Information shown:
-----

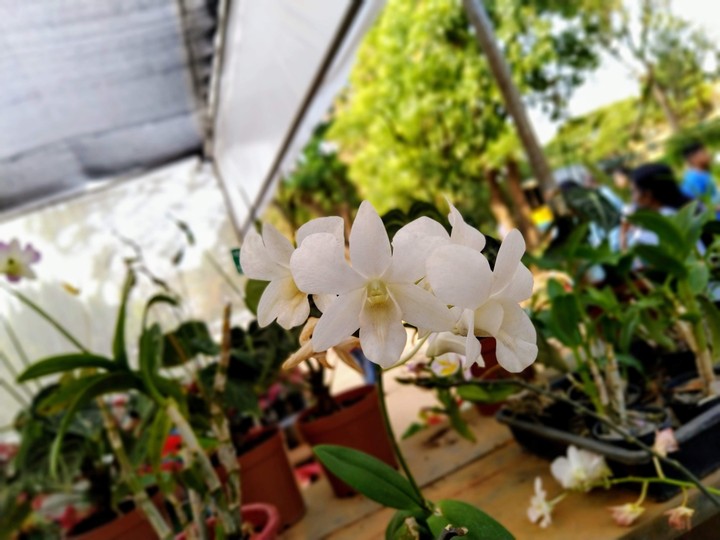 orchids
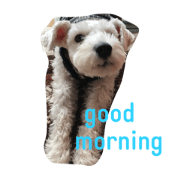White  Schnauzer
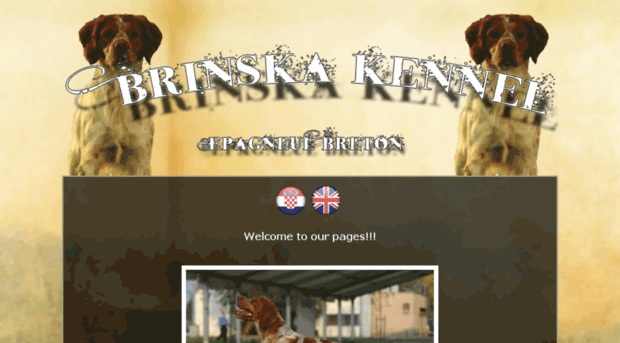 brinska.com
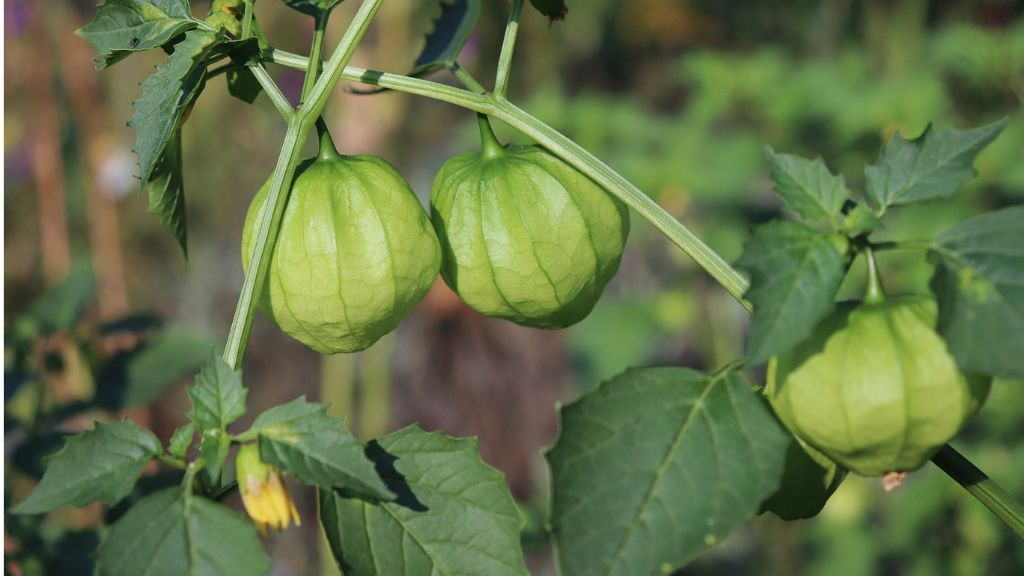 homegrown tomatillo in garden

-----

Task prompt: When you repeat the material, keep every word exact and drop the pictures.

Exercise result:
 orchids
White  Schnauzer
 brinska.com
 homegrown tomatillo in garden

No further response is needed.